A propos de langues et de bananes

Notre campagne en faveur de l’italien semble avoir du succès.

 

 

 

Notre campagne en faveur de l’italien semble avoir du succès. Mais on nous dit: tout ce que vous dites, vous autres d’A Viva Voce, est parfaitement vrai, mais en l’état actuel des mentalités et de la législation c’est destiné à rester lettre morte. Cette attitude défaitiste est-elle justifiée? Il est à remarquer avant tout que le débat est justement destiné à influer sur les mentalités et il semble que nous ayons beaucoup progressé ces derniers temps. Et puis, il faut remarquer que la législation actuelle offre déjà un grand nombre de possibilités. Ceci est d’ailleurs vrai non seulement pour la Corse mais aussi pour toute la France. ll suffit de vouloir utiliser les instruments qui sont à notre disposition.

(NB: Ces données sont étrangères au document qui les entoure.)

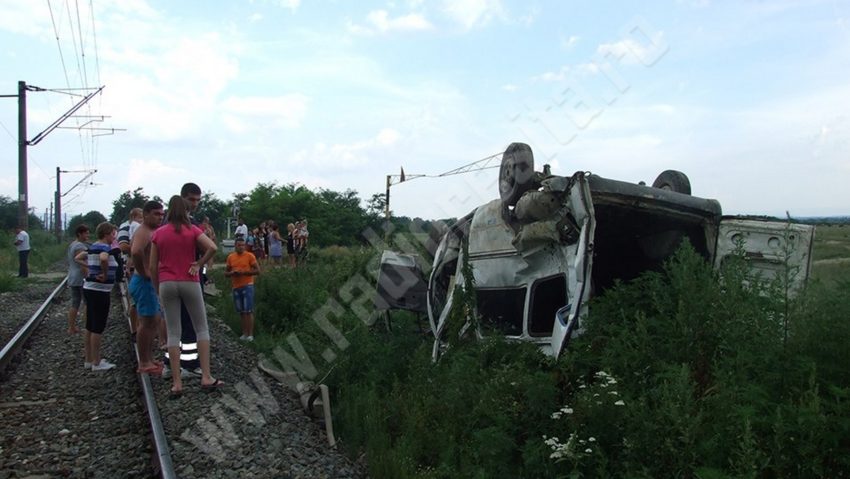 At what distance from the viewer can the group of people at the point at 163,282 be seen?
6.55 m

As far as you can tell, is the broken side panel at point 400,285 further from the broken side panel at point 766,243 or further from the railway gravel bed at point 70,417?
the broken side panel at point 766,243

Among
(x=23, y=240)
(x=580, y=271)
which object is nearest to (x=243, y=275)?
(x=580, y=271)

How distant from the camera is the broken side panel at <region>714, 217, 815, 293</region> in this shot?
599 centimetres

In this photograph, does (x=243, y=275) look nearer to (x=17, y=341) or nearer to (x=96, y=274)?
(x=96, y=274)

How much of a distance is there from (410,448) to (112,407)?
10.1 feet

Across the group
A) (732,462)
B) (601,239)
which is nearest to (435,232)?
(601,239)

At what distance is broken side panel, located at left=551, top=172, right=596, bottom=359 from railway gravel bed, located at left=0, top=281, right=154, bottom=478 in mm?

Aujourd’hui, par exemple, on encourage en France l’enseignement des langues à l’école primaire. 17 000 élèves étudient l’italien comme première langue, en particulier à Nice et dans les régions alpines. En Maurienne tous les enfants l’apprennent à l’école primaire. Et puis on crée des sections dans lesquelles l’italien n’est pas seconde langue, mais première langue bis. Il y a aussi des classes européennes dans lesquelles des professeurs venus d’Italie enseignent certaines matières, par exemple l’Histoire et la Géographie, en italien.

En Corse il y a des écoles créées par les Chambres de Commerce, il existe aussi les “sections méditerranéennes” dans lesquelles une partie de l’enseignement est imparti en italien et en espagnol. Mais il y a mieux. Nous venons de prendre connaissance du rapport sur la langue et la culture corses qui va bientôt être discuté à l’Assemblée de Corse. A vrai dire le temps nous fait défaut pour analyser ce document dans les détails et nous nous bornerons pour l’instant à quelques remarques.

L’engagement mis au service de la défense de l’identité corse nous semble tout à fait positif: la généralisation de l’enseignement de la langue et de la culture corses, l’inversion de tendance par rapport à l’obligation scolaire (c’est-à-dire que l’inscription est la règle, celui qui ne veut pas étudier le corse doit y renoncer explicitement) tout ceci peut être excellent à condition d’être accompagné par des mesures adéquates en ce qui concerne l’italien et l’insertion de la Corse dans sa zone géographique.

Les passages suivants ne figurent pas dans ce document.